Learning to Accelerate Decomposition for Multi-Directional 3D Printing

TL;DR

This paper introduces a learning-based method to speed up volume decomposition in multi-directional 3D printing, reducing computation time while maintaining high-quality results.

Contribution

It proposes a neural network scoring function trained on large-beam search results to accelerate the decomposition process in 3D printing.

Findings

Achieves approximately 3x faster decomposition computation.

Maintains similar quality of volume decomposition compared to large-beam search.

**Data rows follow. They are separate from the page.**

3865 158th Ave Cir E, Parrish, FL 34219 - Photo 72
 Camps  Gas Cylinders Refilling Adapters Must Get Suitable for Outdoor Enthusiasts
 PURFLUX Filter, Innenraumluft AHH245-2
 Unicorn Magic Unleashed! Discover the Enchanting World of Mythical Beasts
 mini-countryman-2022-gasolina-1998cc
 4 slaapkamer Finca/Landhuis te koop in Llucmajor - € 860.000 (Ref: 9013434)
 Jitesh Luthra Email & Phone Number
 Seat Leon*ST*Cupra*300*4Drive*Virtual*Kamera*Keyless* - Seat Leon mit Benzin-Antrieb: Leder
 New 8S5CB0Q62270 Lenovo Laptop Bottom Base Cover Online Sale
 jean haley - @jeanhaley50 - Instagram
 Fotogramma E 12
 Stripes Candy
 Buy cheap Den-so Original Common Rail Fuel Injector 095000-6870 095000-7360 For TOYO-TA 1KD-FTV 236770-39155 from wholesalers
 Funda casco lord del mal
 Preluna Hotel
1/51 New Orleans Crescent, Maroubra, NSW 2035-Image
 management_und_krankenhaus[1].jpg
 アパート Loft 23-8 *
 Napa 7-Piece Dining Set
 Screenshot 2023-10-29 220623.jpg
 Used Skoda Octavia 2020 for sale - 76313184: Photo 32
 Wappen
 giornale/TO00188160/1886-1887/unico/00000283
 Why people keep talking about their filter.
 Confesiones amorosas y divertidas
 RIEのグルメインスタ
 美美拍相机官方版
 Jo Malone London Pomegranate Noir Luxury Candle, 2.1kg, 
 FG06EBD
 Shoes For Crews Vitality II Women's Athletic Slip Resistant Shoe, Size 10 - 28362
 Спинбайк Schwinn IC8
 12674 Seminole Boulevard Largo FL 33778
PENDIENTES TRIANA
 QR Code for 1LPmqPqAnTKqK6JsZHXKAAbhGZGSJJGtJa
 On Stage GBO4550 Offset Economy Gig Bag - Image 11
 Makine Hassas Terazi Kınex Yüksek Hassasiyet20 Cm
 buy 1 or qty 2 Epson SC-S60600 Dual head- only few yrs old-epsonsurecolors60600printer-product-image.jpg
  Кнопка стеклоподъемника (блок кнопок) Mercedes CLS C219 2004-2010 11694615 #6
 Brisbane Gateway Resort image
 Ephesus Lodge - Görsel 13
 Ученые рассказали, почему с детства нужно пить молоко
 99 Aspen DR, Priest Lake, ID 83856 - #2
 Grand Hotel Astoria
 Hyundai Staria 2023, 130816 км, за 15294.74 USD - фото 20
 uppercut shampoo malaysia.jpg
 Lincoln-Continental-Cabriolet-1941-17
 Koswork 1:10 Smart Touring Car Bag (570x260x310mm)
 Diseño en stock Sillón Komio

Validates the approach on a large dataset of 3D models.

Abstract

Multi-directional 3D printing has the capability of decreasing or eliminating the need for support structures. Recent work proposed a beam-guided search algorithm to find an optimized sequence of plane-clipping, which gives volume decomposition of a given 3D model. Different printing directions are employed in different regions to fabricate a model with tremendously less support (or even no support in many cases).To obtain optimized decomposition, a large beam width needs to be used in the search algorithm, leading to a very time-consuming computation. In this paper, we propose a learning framework that can accelerate the beam-guided search by using a smaller number of the original beam width to obtain results with similar quality. Specifically, we use the results of beam-guided search with large beam width to train a scoring function for candidate clipping planes based on six newly proposed feature metrics. With the help of these feature metrics, both the current and the sequence-dependent information are captured by the neural network to score candidates of clipping. As a result, we can achieve around 3x computational speed. We test and demonstrate our accelerated decomposition on a large dataset of models for 3D printing.